### [THE TASK]
Make an exact copy of the records below, excluding images.

*** Opening DATA SHOWN ***

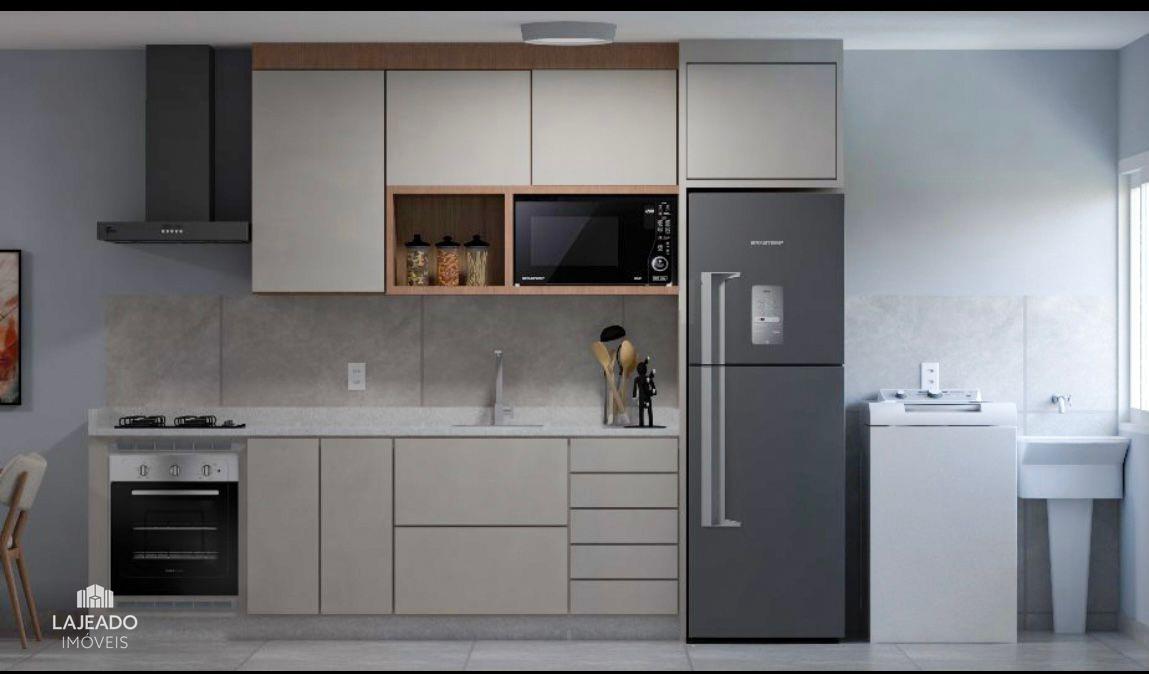 Casa, 2 quartos, 50 m² - Foto 6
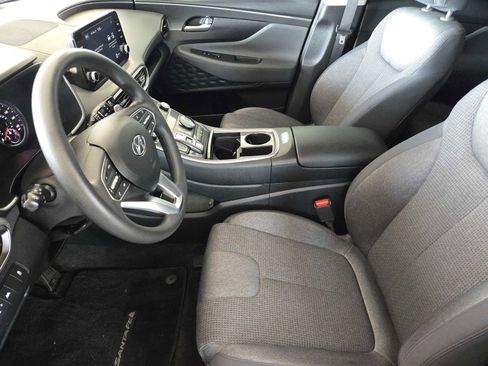 Used 2022 Hyundai Santa Fe SEL image 13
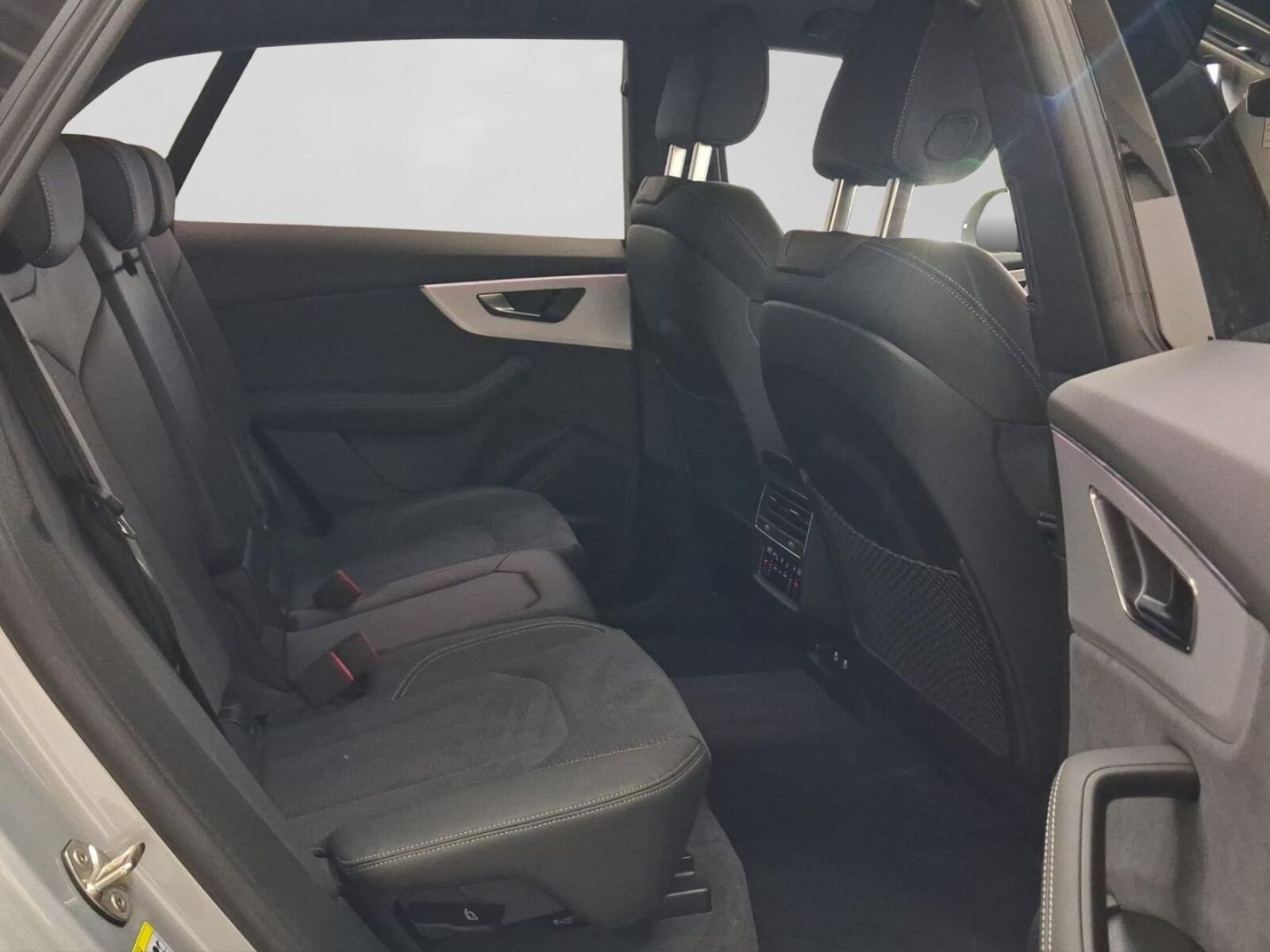 Audi Q8 – Bild 6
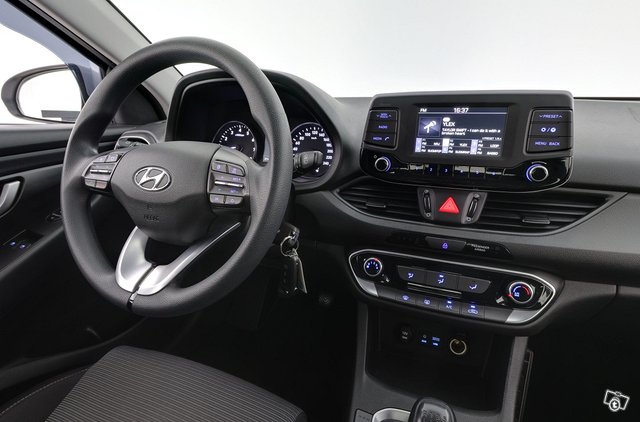 Hyundai I30 9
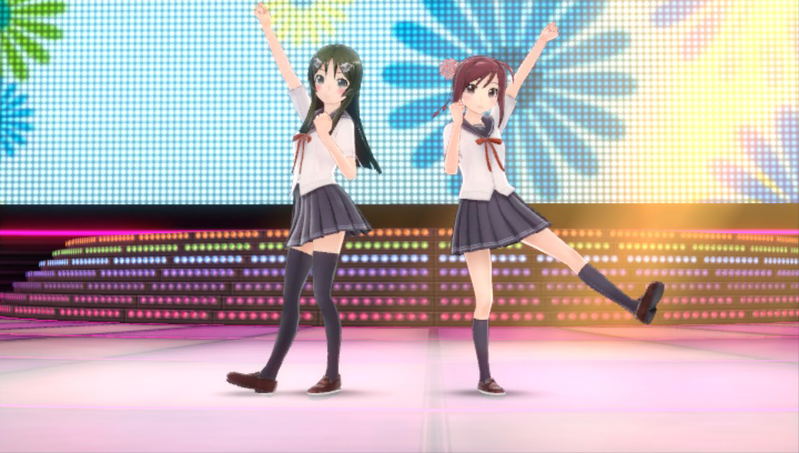 Miracle Girls Festival (Japanese) image 10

*** Closing DATA SHOWN ***

### [PROBLEM SOLUTION]
 Casa, 2 quartos, 50 m² - Foto 6
 Used 2022 Hyundai Santa Fe SEL image 13
 Audi Q8 – Bild 6
 Hyundai I30 9
 Miracle Girls Festival (Japanese) image 10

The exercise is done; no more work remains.